*** Data records ***
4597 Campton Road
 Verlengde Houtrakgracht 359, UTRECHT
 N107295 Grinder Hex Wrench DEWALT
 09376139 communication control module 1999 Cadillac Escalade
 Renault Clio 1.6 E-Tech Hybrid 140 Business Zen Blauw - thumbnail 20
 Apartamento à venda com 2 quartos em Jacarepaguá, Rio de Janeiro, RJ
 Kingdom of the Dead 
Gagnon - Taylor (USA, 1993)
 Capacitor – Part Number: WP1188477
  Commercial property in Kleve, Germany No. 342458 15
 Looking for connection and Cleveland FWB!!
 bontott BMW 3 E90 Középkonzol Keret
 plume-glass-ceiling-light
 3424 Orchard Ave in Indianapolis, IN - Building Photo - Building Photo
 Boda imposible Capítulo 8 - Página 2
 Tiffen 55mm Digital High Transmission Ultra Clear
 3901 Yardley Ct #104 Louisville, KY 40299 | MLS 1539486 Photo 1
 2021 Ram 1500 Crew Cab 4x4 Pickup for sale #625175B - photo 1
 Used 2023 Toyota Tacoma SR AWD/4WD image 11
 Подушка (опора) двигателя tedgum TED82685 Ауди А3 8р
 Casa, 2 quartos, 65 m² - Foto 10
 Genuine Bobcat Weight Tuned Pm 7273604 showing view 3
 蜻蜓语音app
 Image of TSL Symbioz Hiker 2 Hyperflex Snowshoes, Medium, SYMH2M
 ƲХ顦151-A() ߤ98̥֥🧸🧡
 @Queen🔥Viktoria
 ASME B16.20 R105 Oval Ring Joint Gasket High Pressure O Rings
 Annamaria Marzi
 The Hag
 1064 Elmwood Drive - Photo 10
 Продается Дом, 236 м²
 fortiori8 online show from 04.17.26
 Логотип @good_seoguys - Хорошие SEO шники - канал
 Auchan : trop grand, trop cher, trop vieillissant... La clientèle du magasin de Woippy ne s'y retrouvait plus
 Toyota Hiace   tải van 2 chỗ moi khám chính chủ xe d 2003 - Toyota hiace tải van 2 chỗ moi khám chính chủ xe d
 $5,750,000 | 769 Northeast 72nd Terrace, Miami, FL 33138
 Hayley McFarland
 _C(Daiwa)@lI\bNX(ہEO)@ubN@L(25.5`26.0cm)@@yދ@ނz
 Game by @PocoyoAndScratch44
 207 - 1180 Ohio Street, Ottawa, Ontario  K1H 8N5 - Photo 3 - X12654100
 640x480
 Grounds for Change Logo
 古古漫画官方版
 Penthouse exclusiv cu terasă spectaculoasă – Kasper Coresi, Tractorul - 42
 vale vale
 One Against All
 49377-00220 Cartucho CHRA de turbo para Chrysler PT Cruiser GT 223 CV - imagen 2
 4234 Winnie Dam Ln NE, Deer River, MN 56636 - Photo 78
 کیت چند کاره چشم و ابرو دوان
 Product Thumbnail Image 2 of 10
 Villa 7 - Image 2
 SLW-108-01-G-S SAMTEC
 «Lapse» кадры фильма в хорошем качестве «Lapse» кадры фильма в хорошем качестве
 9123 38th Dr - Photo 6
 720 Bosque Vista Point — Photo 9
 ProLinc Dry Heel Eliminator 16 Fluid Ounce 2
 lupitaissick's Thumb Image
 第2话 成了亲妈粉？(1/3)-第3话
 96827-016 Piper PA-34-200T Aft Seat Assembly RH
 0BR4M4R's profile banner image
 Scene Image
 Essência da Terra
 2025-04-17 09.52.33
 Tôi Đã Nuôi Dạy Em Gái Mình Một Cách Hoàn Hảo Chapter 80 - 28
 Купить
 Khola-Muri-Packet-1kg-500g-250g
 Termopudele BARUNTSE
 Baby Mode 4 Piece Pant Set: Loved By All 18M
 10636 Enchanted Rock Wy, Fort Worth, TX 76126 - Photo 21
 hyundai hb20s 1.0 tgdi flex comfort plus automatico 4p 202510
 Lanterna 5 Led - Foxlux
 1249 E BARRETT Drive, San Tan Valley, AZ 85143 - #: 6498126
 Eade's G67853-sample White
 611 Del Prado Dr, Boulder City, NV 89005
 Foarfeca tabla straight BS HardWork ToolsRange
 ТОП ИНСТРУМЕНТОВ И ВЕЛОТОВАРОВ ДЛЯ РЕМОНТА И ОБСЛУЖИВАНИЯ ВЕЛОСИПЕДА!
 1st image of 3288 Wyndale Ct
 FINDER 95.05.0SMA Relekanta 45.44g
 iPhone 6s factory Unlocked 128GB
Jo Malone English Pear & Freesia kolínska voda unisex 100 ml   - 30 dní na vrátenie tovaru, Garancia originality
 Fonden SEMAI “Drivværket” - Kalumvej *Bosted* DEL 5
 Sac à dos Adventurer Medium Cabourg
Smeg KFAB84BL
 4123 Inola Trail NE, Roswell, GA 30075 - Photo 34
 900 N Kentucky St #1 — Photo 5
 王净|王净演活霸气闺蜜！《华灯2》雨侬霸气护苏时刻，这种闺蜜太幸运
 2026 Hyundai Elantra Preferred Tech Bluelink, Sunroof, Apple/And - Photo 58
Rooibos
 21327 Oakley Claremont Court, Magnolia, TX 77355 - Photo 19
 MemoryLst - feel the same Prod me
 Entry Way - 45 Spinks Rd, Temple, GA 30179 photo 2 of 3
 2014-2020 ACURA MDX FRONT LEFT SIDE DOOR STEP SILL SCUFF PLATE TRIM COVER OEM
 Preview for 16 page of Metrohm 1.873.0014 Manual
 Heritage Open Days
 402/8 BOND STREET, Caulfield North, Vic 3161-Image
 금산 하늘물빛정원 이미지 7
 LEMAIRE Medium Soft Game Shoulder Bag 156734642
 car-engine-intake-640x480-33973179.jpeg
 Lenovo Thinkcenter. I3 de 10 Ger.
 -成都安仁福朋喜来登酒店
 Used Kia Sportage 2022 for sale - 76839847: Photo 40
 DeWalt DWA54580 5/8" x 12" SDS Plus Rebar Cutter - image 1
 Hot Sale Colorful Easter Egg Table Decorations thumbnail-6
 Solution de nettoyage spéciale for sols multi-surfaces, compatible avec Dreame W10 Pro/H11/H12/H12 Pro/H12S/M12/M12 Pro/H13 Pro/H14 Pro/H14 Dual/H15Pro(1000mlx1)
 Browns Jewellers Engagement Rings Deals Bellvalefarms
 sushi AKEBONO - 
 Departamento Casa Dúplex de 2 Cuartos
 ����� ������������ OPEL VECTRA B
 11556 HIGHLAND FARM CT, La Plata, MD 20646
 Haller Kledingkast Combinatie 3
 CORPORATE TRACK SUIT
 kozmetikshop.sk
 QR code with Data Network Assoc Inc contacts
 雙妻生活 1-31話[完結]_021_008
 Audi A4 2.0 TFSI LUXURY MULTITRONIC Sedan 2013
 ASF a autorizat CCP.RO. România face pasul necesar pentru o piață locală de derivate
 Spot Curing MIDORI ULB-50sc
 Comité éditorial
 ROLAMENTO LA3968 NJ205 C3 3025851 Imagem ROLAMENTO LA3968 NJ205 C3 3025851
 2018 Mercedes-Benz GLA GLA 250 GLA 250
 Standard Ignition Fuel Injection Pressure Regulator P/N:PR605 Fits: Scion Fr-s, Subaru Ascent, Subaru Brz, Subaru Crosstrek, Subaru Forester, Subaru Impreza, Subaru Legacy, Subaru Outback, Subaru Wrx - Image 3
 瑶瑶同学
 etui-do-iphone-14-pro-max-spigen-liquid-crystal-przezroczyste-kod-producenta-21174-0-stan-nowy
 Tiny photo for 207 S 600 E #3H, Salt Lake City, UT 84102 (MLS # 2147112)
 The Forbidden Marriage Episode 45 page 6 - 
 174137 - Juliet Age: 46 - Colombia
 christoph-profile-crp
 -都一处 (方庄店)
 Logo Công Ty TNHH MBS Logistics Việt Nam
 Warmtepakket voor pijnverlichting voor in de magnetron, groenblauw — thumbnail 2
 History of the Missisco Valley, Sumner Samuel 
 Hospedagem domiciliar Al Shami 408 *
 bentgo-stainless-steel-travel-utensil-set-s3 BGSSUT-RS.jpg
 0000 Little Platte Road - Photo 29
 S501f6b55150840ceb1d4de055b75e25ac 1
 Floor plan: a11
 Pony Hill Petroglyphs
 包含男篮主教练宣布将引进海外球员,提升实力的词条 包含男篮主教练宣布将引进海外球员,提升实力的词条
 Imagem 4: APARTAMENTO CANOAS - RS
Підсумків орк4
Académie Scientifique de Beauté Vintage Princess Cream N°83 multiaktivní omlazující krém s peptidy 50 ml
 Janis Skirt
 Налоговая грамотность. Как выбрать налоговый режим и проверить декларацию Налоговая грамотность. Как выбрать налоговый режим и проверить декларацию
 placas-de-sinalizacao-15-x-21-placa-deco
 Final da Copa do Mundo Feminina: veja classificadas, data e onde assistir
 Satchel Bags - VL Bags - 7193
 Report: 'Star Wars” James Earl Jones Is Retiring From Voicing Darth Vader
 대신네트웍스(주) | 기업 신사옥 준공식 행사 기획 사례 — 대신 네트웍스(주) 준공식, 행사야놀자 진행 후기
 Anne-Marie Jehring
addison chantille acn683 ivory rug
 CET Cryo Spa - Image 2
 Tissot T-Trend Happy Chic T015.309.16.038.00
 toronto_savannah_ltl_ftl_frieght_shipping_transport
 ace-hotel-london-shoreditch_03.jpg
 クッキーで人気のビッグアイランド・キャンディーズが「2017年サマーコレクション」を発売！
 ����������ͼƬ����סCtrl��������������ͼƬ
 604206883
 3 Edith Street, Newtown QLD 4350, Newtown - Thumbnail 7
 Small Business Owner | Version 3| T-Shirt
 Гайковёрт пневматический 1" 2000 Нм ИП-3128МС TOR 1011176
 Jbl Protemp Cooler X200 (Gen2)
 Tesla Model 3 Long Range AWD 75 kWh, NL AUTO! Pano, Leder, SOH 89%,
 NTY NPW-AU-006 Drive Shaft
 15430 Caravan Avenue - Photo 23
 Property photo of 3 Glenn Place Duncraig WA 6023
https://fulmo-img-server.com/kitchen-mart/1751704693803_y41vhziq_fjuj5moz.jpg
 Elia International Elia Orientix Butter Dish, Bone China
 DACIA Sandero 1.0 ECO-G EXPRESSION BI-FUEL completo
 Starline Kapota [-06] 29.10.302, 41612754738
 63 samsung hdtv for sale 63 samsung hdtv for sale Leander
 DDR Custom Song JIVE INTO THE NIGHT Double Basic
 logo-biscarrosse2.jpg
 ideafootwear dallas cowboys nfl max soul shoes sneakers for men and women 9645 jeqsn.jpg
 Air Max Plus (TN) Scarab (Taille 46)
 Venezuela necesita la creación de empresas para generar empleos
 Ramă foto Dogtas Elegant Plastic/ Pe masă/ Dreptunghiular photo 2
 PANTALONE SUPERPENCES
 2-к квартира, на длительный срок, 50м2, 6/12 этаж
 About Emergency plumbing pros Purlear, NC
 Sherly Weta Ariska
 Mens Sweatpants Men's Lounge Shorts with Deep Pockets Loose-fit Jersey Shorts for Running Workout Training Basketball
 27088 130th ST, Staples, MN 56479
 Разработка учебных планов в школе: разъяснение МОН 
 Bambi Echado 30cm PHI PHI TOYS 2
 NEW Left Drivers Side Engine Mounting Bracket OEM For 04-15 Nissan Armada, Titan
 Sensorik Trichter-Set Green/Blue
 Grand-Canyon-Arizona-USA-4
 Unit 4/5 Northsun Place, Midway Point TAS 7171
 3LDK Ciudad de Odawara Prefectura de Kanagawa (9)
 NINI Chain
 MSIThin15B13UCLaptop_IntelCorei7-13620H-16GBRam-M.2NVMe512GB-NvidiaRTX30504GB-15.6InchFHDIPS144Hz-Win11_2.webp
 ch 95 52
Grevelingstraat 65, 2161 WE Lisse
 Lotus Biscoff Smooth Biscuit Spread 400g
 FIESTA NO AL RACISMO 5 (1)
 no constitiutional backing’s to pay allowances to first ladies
*** End of Data records ***
> _Try it_
With the line holding "Used 2023 Toyota Tacoma SR AWD/4WD image 11" as the first and the line holding "Логотип @good_seoguys - Хорошие" as the last, please transcribe exactly the lines of the material above in that range and nothing else.

> _Problem solution_
 Used 2023 Toyota Tacoma SR AWD/4WD image 11
 Подушка (опора) двигателя tedgum TED82685 Ауди А3 8р
 Casa, 2 quartos, 65 m² - Foto 10
 Genuine Bobcat Weight Tuned Pm 7273604 showing view 3
 蜻蜓语音app
 Image of TSL Symbioz Hiker 2 Hyperflex Snowshoes, Medium, SYMH2M
 ƲХ顦151-A() ߤ98̥֥🧸🧡
 @Queen🔥Viktoria
 ASME B16.20 R105 Oval Ring Joint Gasket High Pressure O Rings
 Annamaria Marzi
 The Hag
 1064 Elmwood Drive - Photo 10
 Продается Дом, 236 м²
 fortiori8 online show from 04.17.26
 Логотип @good_seoguys - Хорошие SEO шники - канал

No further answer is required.